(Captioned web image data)

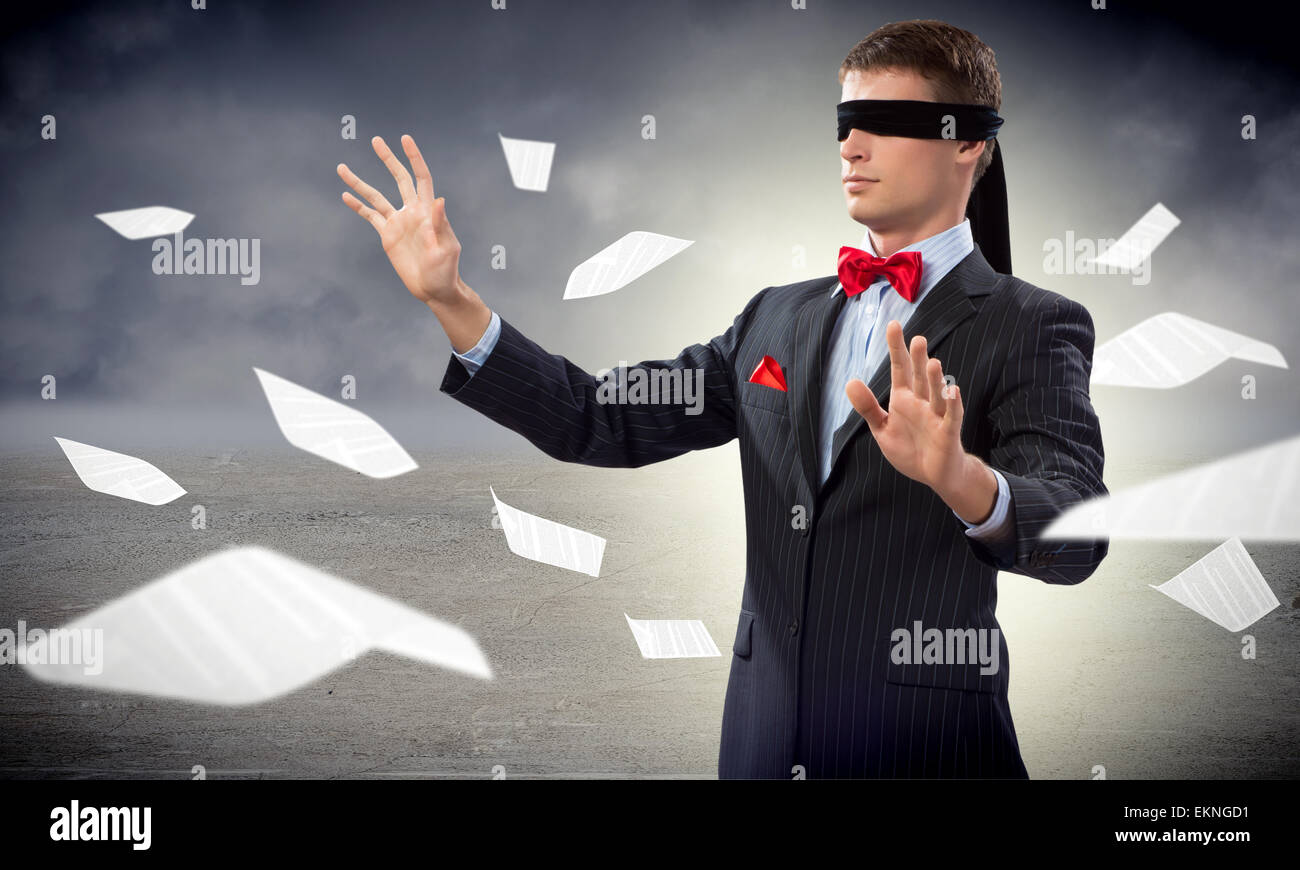 Blindfolded person hi-res stock photography and images - Alamy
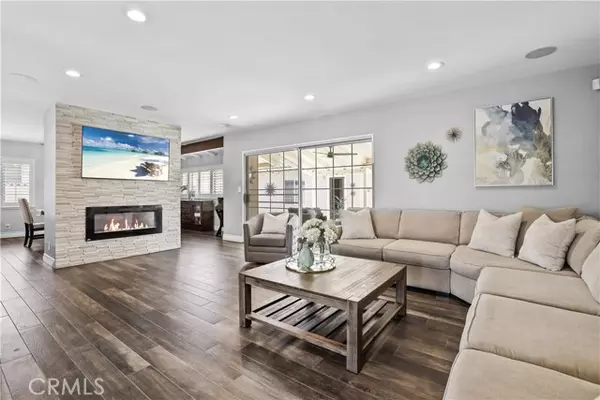 West Covina, CA 91791,835 S Terri Ann DR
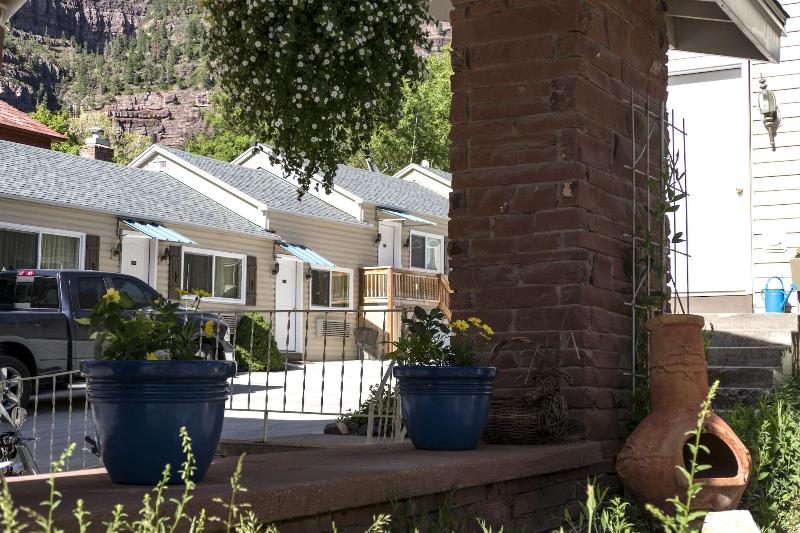 הוסטל Abram Inn & Suites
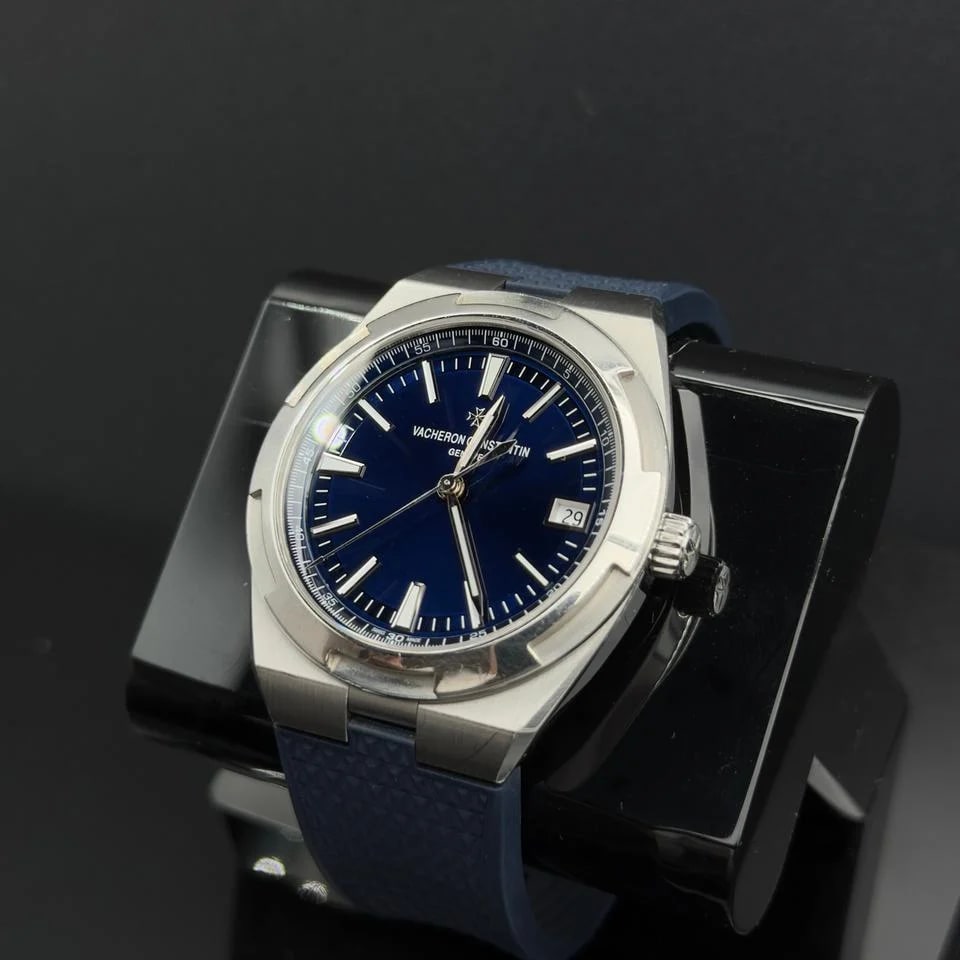 Vacheron Constantin Overseas Sunburst blue dial complete set — photo 2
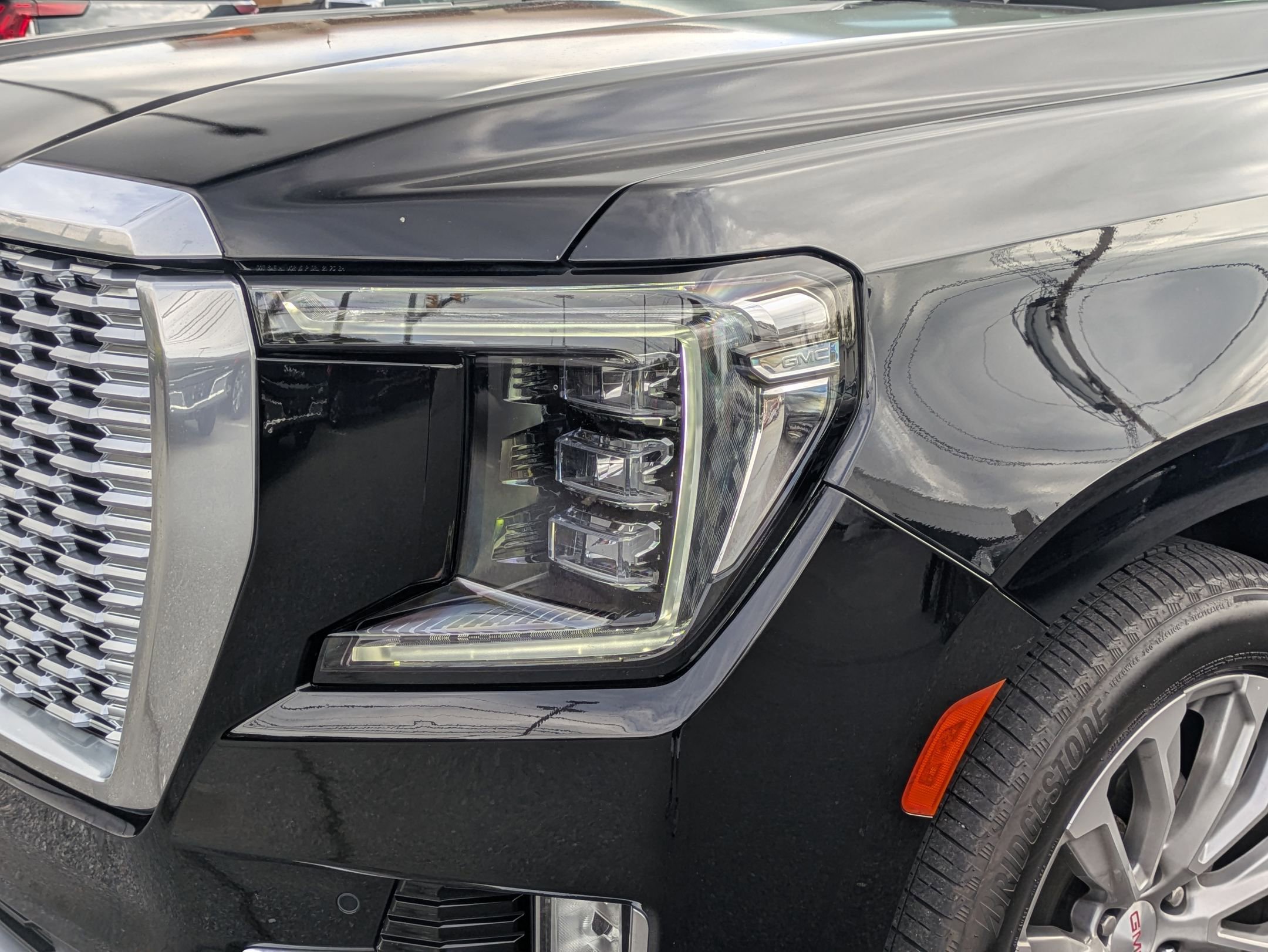2021 Gmc Yukon Denali photo 3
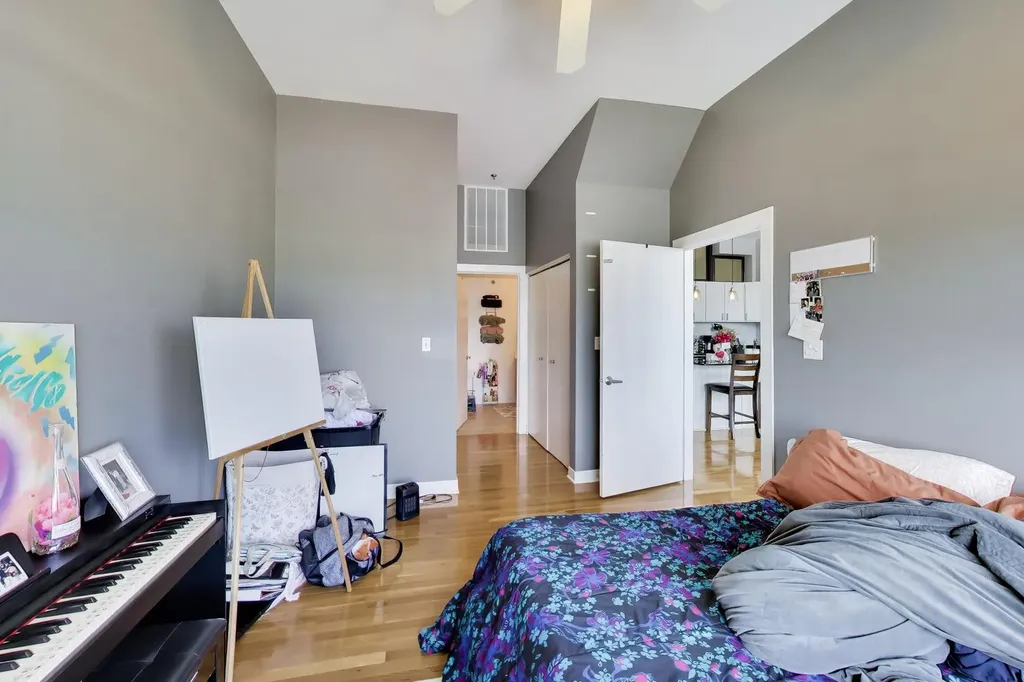 1 South Leavitt Street Chicago IL 60612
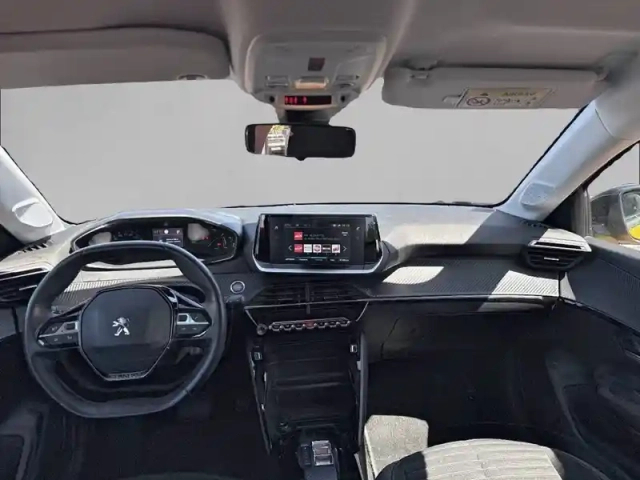 Peugeot 208 electrique 50 kwh 136ch — photo 8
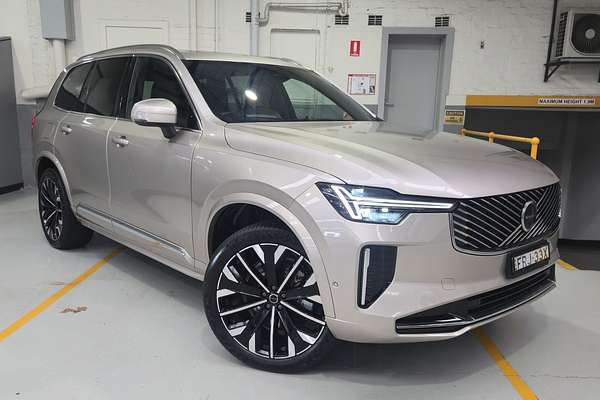 2024 Volvo XC90 Ultra B5 Bright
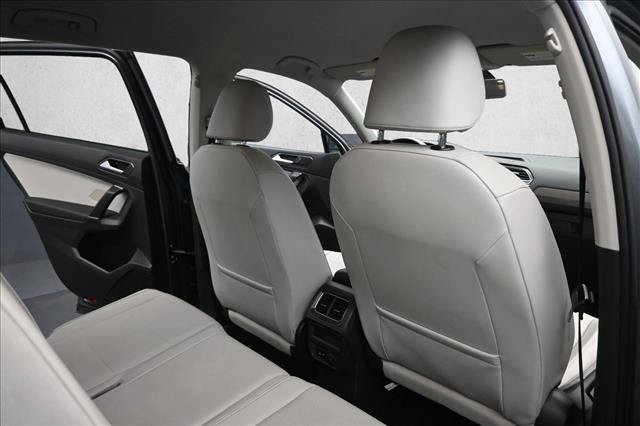 Used 2018 Volkswagen Tiguan SE FWD image 25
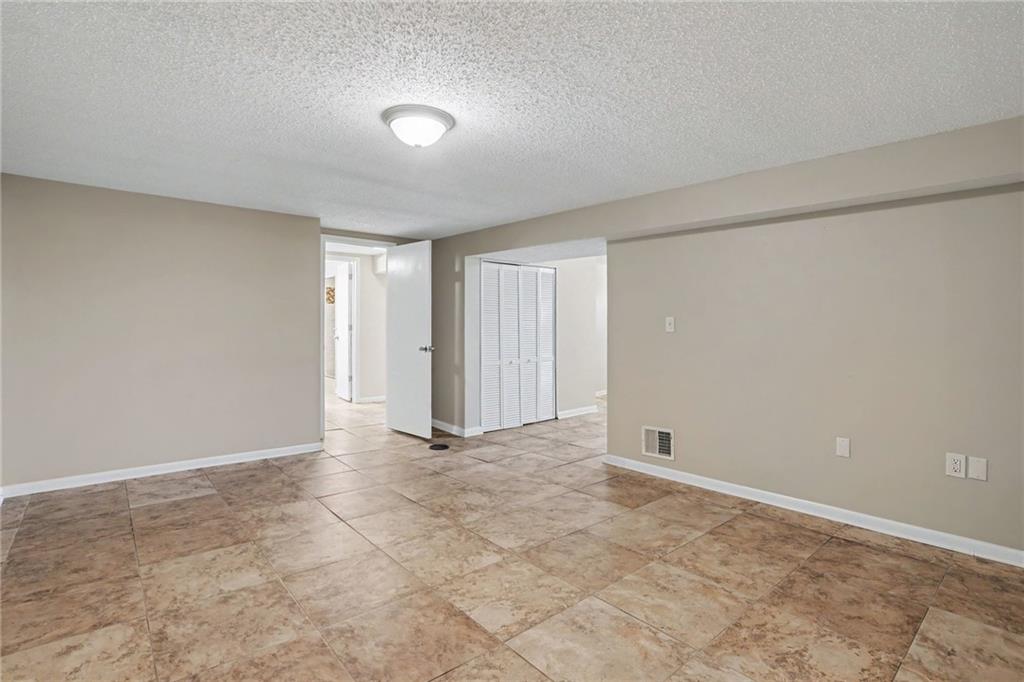 3608 N Euclid Ave, Kansas City, MO 64116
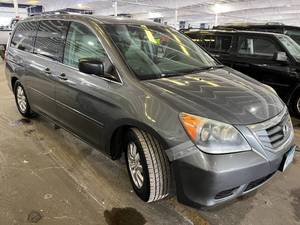 lot 14 image: 2008 Honda Odyssey EX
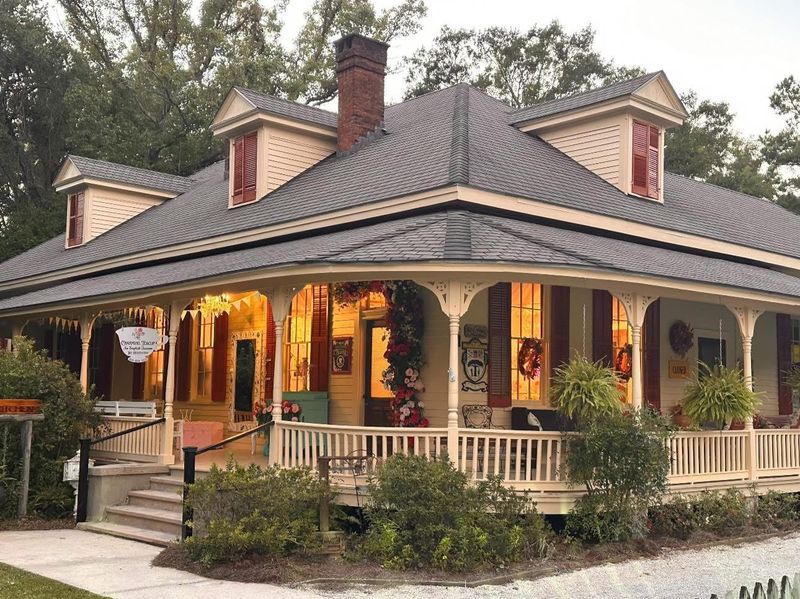 Make Time for the Wrap-Around Porch Photos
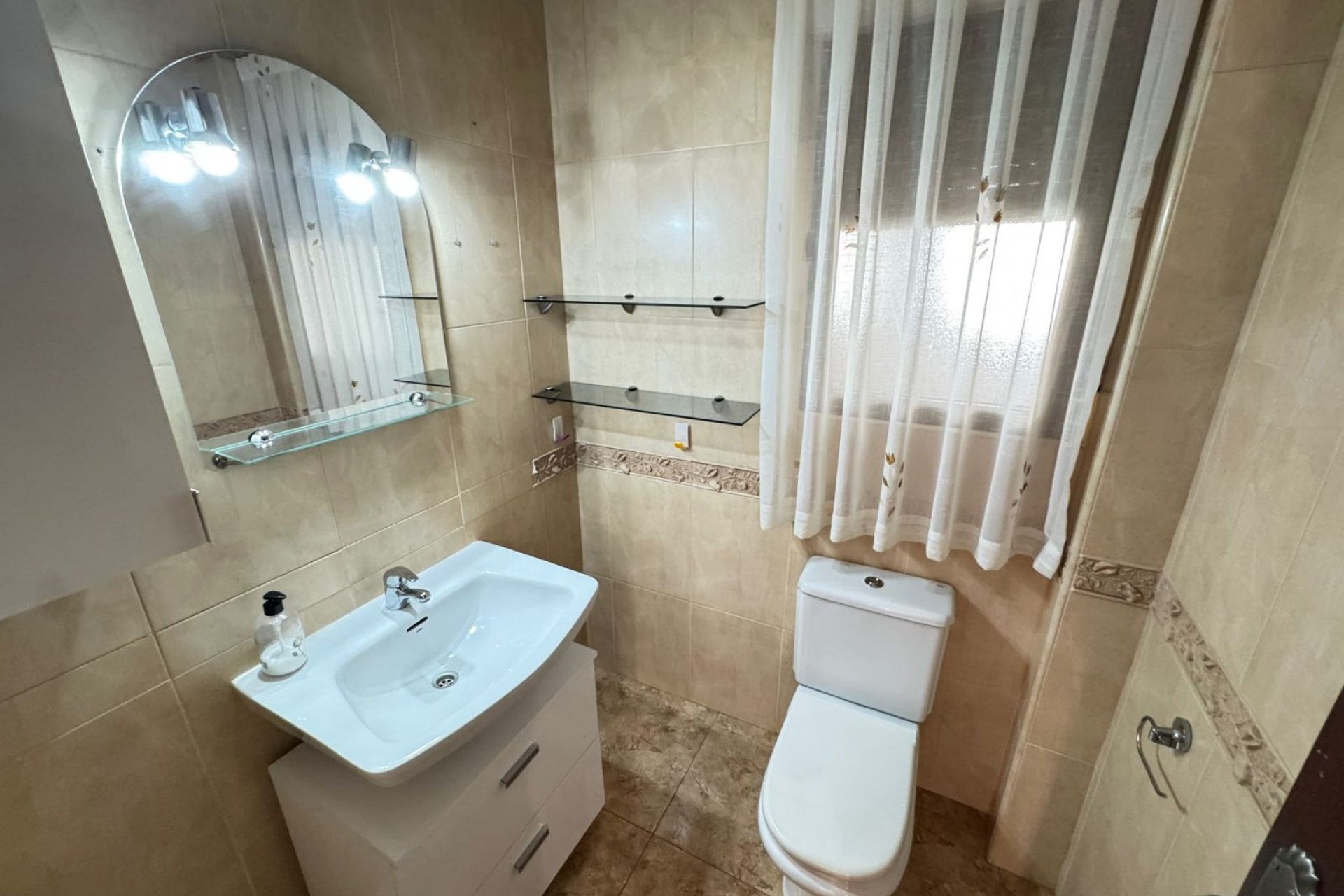Resale - Townhouse -
San Miguel de Salinas - San Miguel - Town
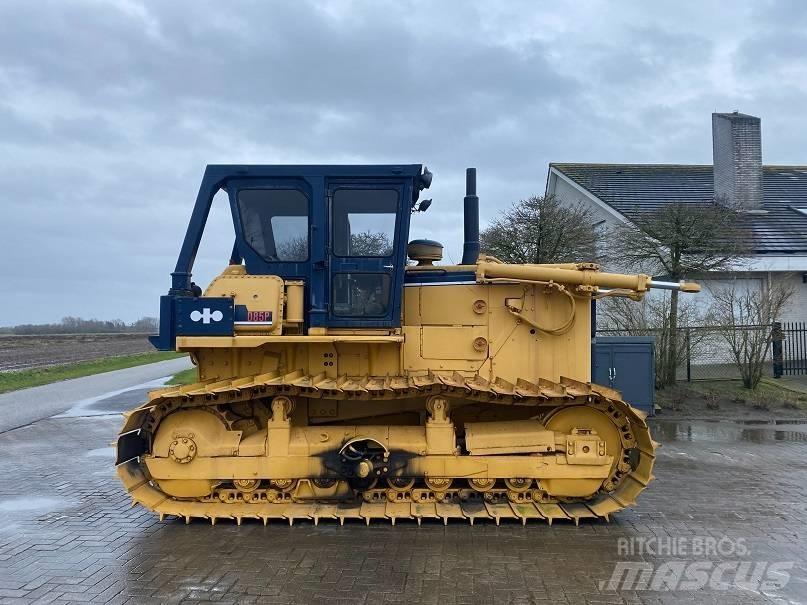 Komatsu D 85 P Pásové dozéry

Task details:
Nothing but the lines from the line containing "Used 2018 Volkswagen Tiguan SE FWD image 25" through the last line of the records above should be written out, exactly and without the pictures.

Task response:
 Used 2018 Volkswagen Tiguan SE FWD image 25
 3608 N Euclid Ave, Kansas City, MO 64116
 lot 14 image: 2008 Honda Odyssey EX
 Make Time for the Wrap-Around Porch Photos
Resale - Townhouse -
San Miguel de Salinas - San Miguel - Town
 Komatsu D 85 P Pásové dozéry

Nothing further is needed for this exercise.